Destocking threat to industrial sector forecasts
Investors may need to look beyond the short-term as capital goods and industrial sectors come to terms with weakening demand. Profit warnings could be rife in these sectors in coming months.
‘Organic revenue assumptions are being pulled back and destocking is prevalent in industries such as steel, electronics and general industrial,’ says broker Peel Hunt.
Analysts at investment bank Berenberg anticipate heavy truck production to ‘deteriorate’ by 10% in Europe and 22% in North America as we enter 2020.

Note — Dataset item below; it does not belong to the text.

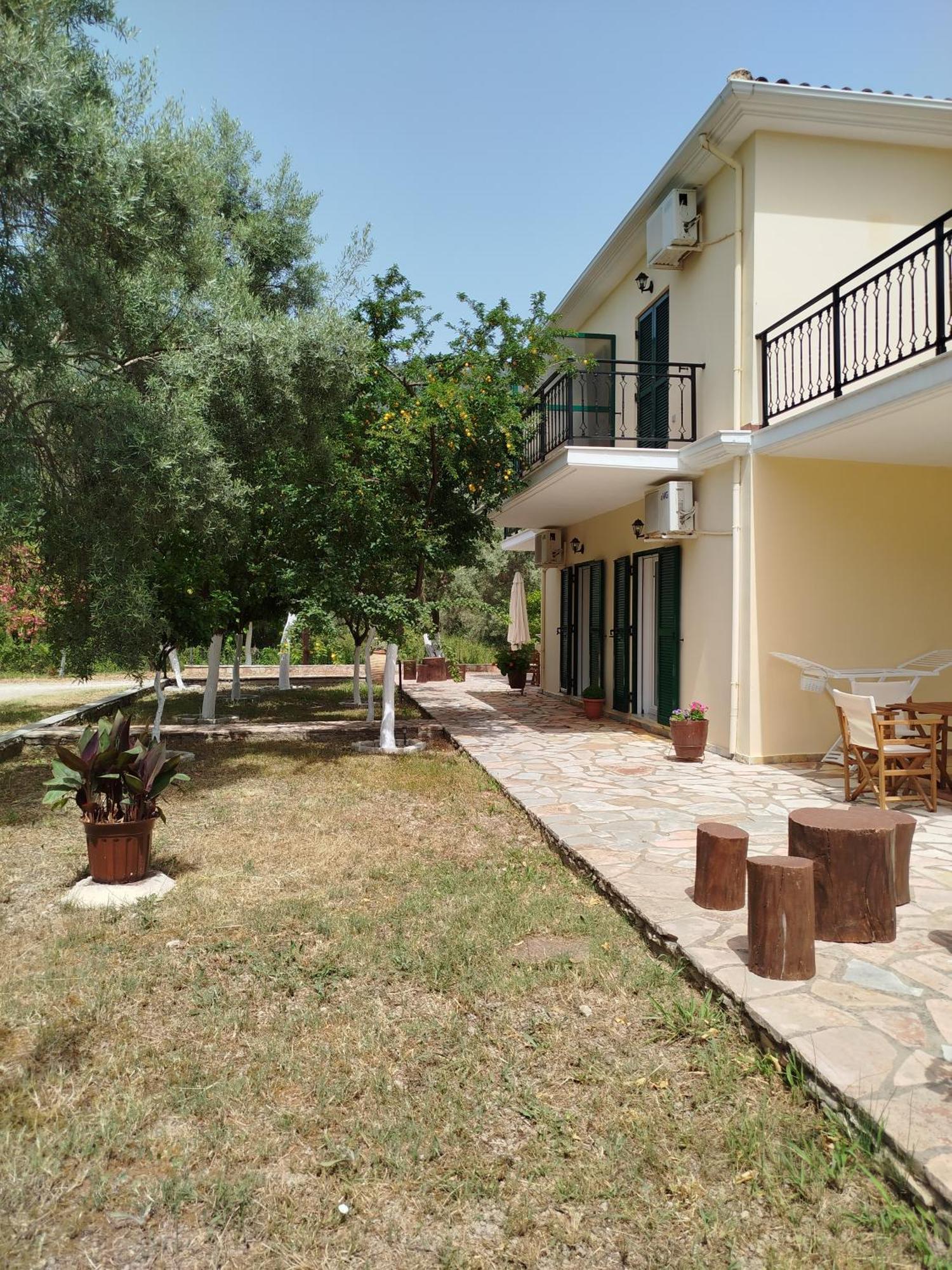 Riverside Αpartments Vasilikí Eksteriør billede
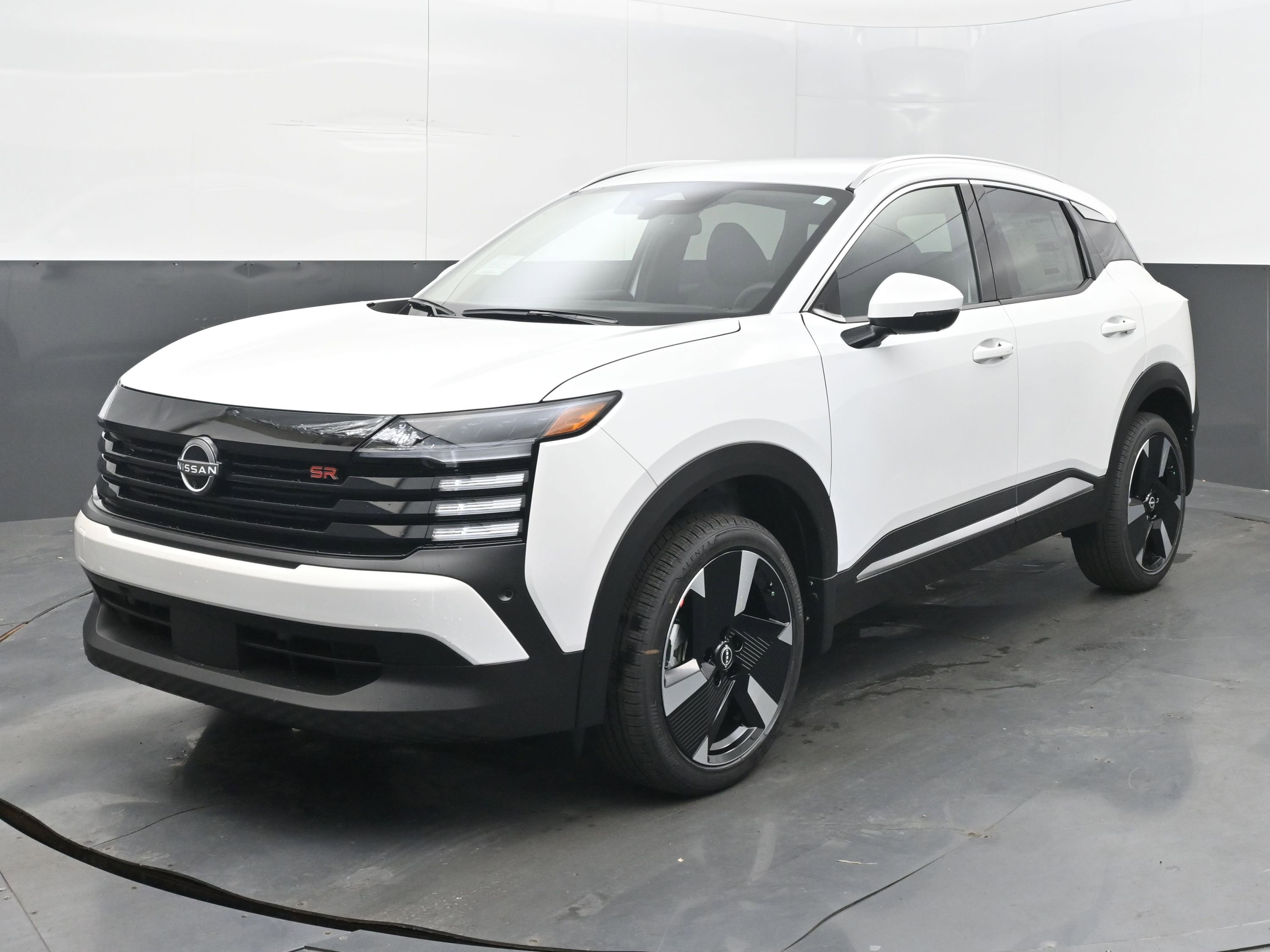 New 2025 Nissan Kicks SR image 3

Component and equipment destocking can be brutal. ‘Say demand is 100 and then falls to 80, the company has to slow down to 60 to eliminate the excess inventory before returning to 80,’ says Peel Hunt, paraphrasing investors to whom it has spoken.
The subsequent impact of fixed costs through this period ‘has a significant impact on forecasts and this is what we are seeing at the current time,’ it adds.

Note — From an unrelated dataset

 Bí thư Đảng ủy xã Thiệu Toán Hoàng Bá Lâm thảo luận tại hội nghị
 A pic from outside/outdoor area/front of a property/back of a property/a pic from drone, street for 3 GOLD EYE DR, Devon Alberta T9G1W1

This situation is expected to spark a series of earnings warnings in the final quarter of 2019 as analysts pare back over-optimistic estimates against the backdrop of a deteriorating economic environment.
‘Following poor data from major global economies including the US, China and Europe, in particular for manufacturing, a number of companies’ share prices now appear vulnerable in the UK as we near the end of the year’, says Mark Swain of asset manager Smith & Williamson.
But Swain also sees upside from foreign takeover interest. ‘The UK is still home to very good companies, and we expect M&A to be a key theme as a result,’ he comments.